WHAT THE TASK REQUIRES - Below, find the line containing "Clarins depuffing face mask 🤌🏻" and the line containing "#LTKselfcare #LTKdayinmylife #LTKBeauty"; reproduce exactly those two and every line between them, omitting pictures.

TASK INPUTS -
#####
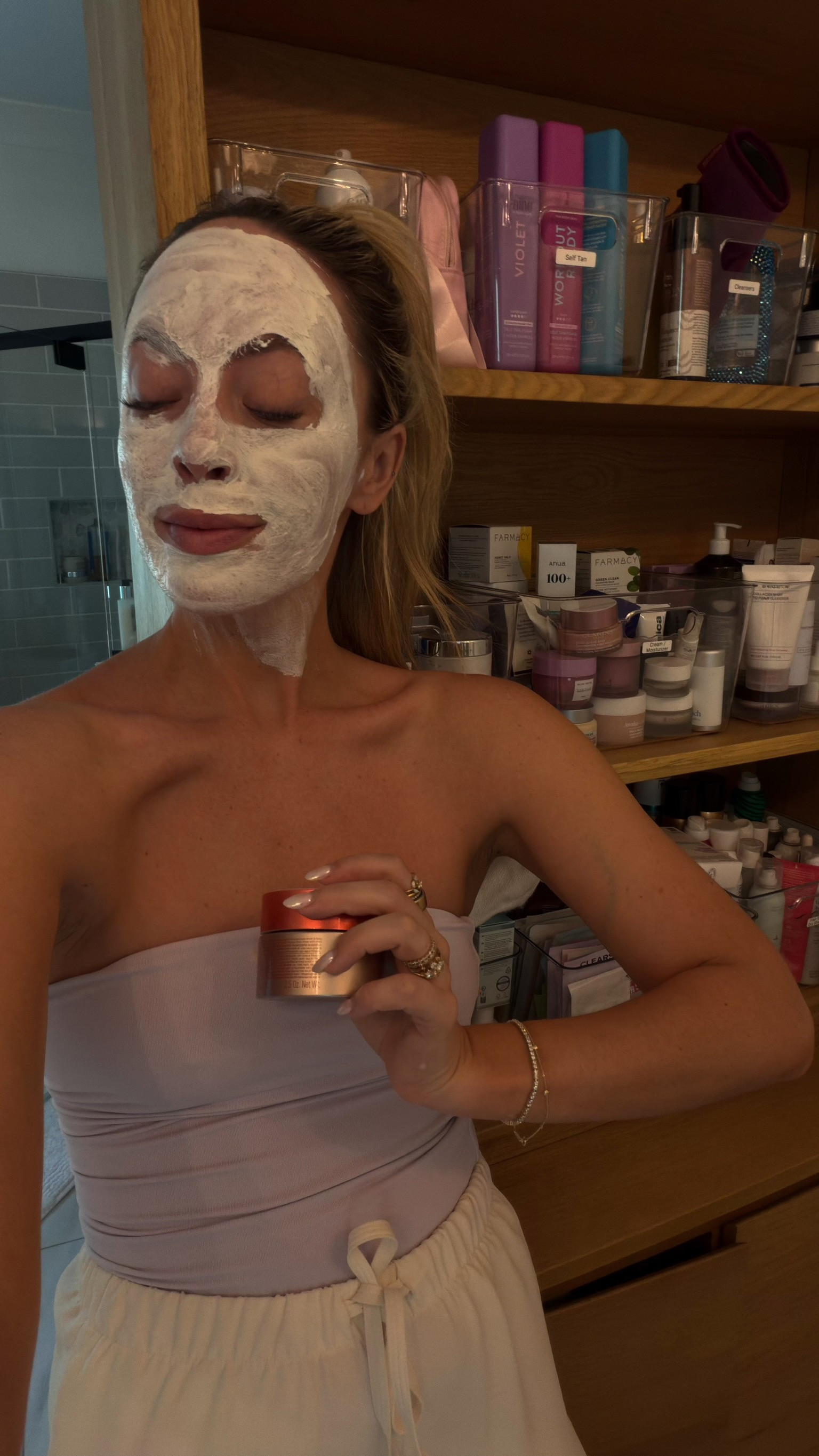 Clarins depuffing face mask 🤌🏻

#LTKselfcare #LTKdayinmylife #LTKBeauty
#####
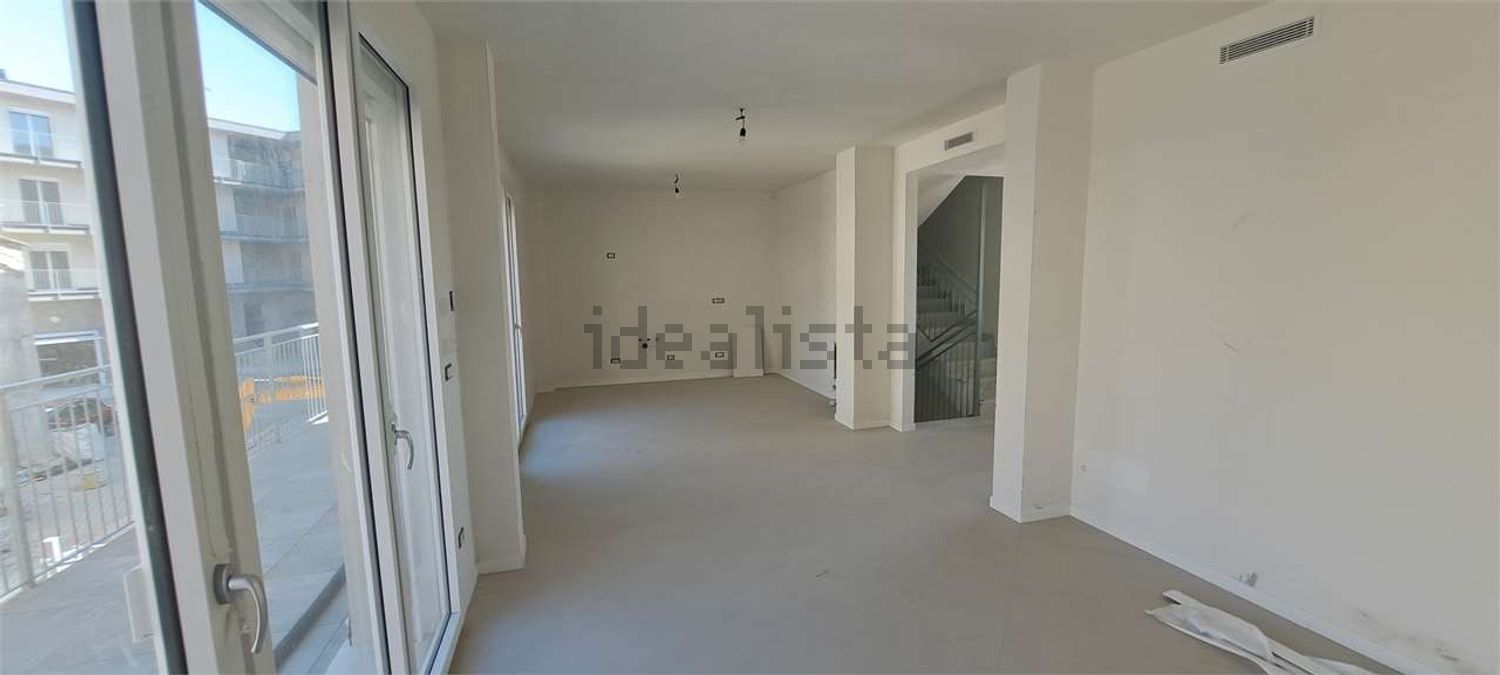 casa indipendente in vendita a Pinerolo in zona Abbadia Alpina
#####
WRITTEN SOLUTION -
 Clarins depuffing face mask 🤌🏻

#LTKselfcare #LTKdayinmylife #LTKBeauty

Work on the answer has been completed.